EXERCISE REQUIREMENTS: Everything in the records should be repeated exactly, down to the last character.

THE RECORDS START

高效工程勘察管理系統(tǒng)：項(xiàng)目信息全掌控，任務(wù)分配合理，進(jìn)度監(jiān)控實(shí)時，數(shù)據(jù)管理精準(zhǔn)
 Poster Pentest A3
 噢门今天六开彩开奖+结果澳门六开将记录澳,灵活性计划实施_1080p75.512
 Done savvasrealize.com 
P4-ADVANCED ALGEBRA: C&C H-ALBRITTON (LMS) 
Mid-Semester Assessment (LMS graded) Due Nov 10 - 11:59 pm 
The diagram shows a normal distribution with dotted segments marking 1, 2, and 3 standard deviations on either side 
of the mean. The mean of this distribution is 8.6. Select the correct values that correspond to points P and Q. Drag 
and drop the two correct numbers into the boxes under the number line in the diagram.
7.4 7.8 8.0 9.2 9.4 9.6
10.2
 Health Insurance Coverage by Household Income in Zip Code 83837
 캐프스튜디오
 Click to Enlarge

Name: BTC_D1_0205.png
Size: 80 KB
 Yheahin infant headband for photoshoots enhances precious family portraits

THE RECORDS END

ANSWER FOR THE TASK:
高效工程勘察管理系統(tǒng)：項(xiàng)目信息全掌控，任務(wù)分配合理，進(jìn)度監(jiān)控實(shí)時，數(shù)據(jù)管理精準(zhǔn)
 Poster Pentest A3
 噢门今天六开彩开奖+结果澳门六开将记录澳,灵活性计划实施_1080p75.512
 Done savvasrealize.com 
P4-ADVANCED ALGEBRA: C&C H-ALBRITTON (LMS) 
Mid-Semester Assessment (LMS graded) Due Nov 10 - 11:59 pm 
The diagram shows a normal distribution with dotted segments marking 1, 2, and 3 standard deviations on either side 
of the mean. The mean of this distribution is 8.6. Select the correct values that correspond to points P and Q. Drag 
and drop the two correct numbers into the boxes under the number line in the diagram.
7.4 7.8 8.0 9.2 9.4 9.6
10.2
 Health Insurance Coverage by Household Income in Zip Code 83837
 캐프스튜디오
 Click to Enlarge

Name: BTC_D1_0205.png
Size: 80 KB
 Yheahin infant headband for photoshoots enhances precious family portraits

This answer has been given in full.